All I know is sometimes in my life I have been deeply afraid, and in every case I have to say that fear was warranted. That night on the Appalachian Trail was one time that springs to mind, and an occasion when a man and I were almost certainly in the worst danger we could be in, death absolutely real and seemingly imminent, was another. (When the danger miraculously passed the feeling of euphoria was like little else I have experienced; it was insane. It also, oddly, bonded us.)

So is that the key? Is…well-placed fear and ONLY well-placed fear the answer to it all?

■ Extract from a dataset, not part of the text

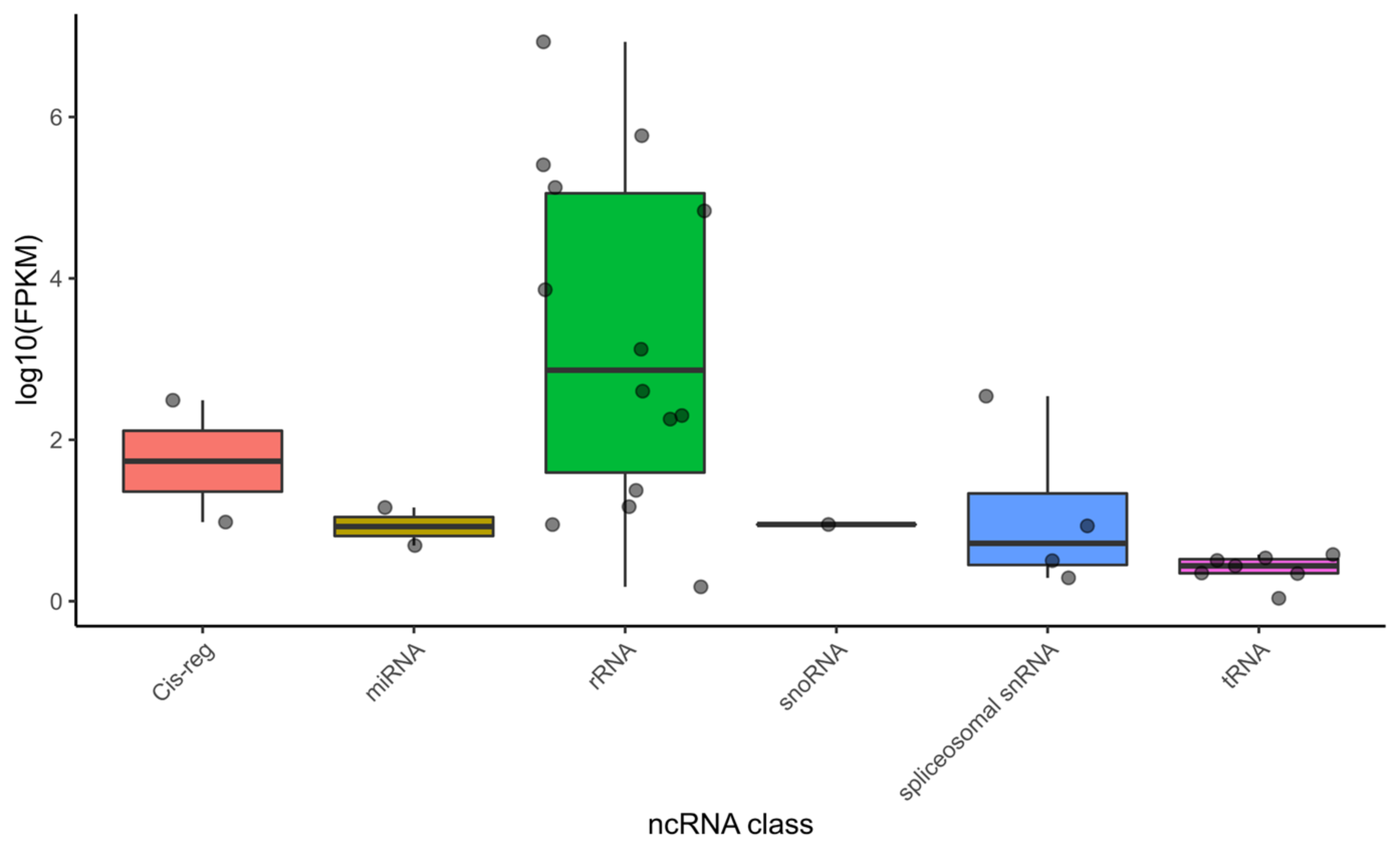 Pathogens 11 01273 g002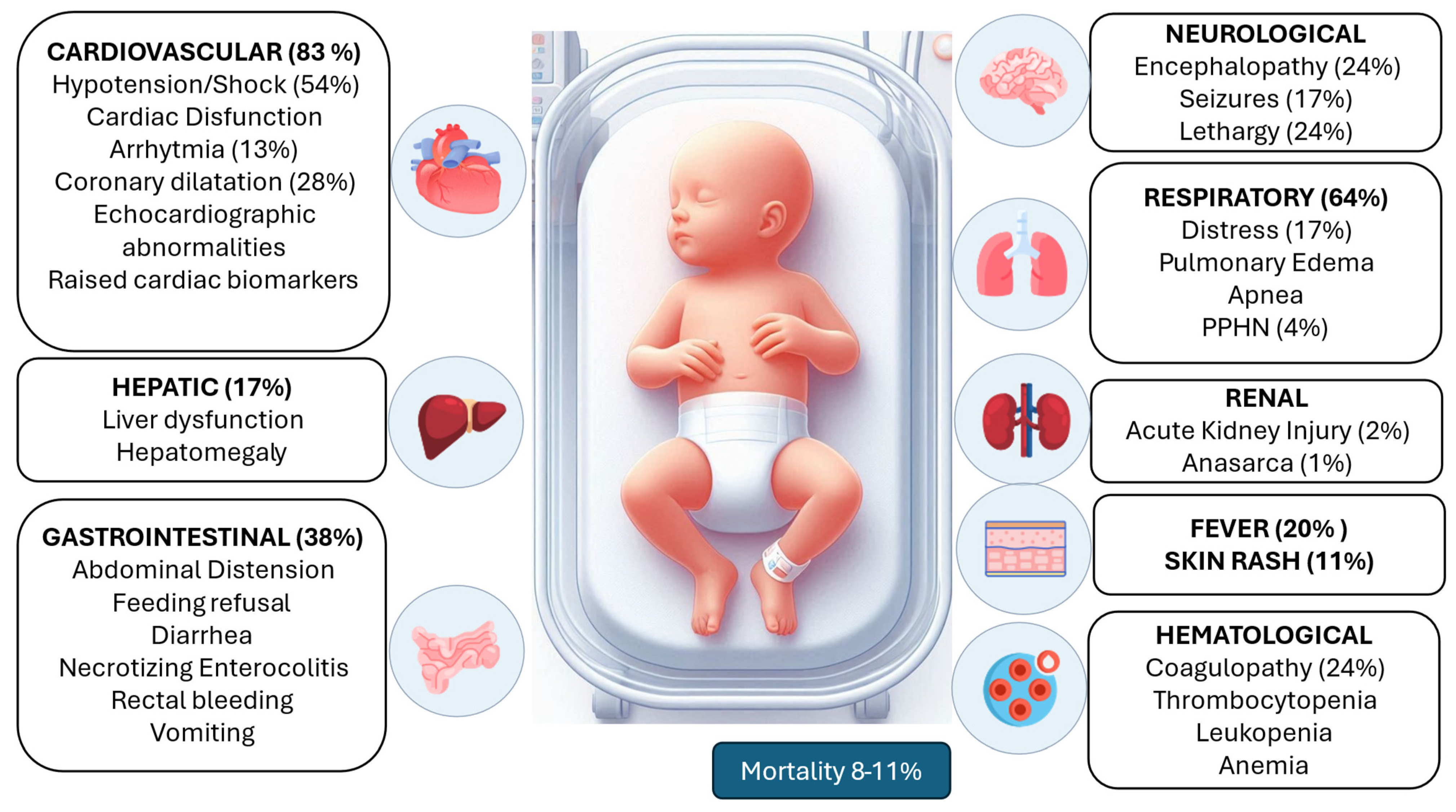 Pathogens 13 00977 g001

In one of his beloved paradoxes the English writer G.K. Chesterton reminded us a century ago that: “It is only when we are afraid that we can be brave.”

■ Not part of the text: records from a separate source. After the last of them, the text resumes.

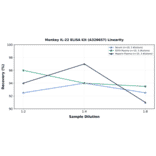 Linearity - Monkey IL-22 ELISA Kit (A326657) - Antibodies.com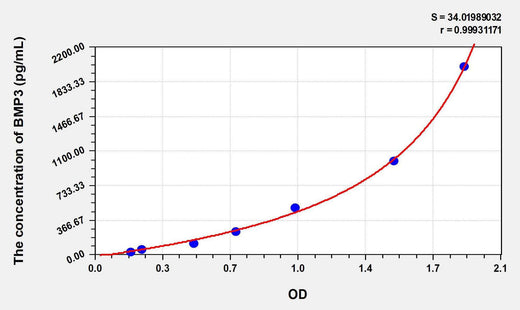 Human BMP3(Bone Morphogenetic Protein 3) ELISA Kit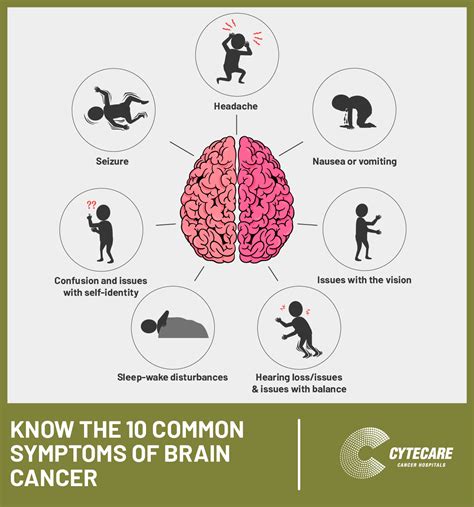 10 Most Common Brain Tumor Symptoms: Signs of Brain Cancer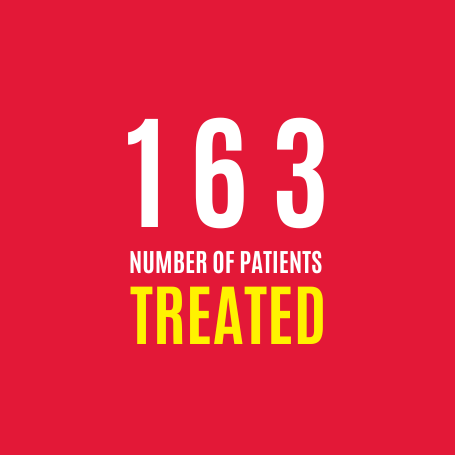 London's Air Ambulance Charity attends 163 patients in January 2024
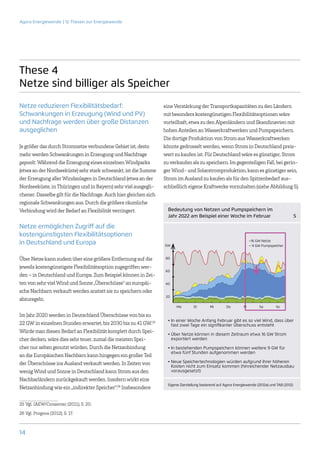 Agora Energiewende | 12 Thesen zur Energiewende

Theodore Roosevelt counseled all men to: “Master fear lest it master you.”

Words of wisdom exceeding the trite encouragement of the former Pope, who seemed to be saying it is never permissible to be afraid. Chesterton telling us to use fear as a springboard to something nobler, and Roosevelt’s  maxim to never let fear control you are much more practical pieces of advice, and I think they got it right where JPII got it wrong.

But as for worry, that topic I addressed up above, well, is worry ever warranted, except as a motivator? What worries you? What are you worried about? What keeps you in a cage? Imagine, just imagine, not having anything to worry about.

Now unlike losing all fear, losing worry…that honestly would be the sweetest liberation.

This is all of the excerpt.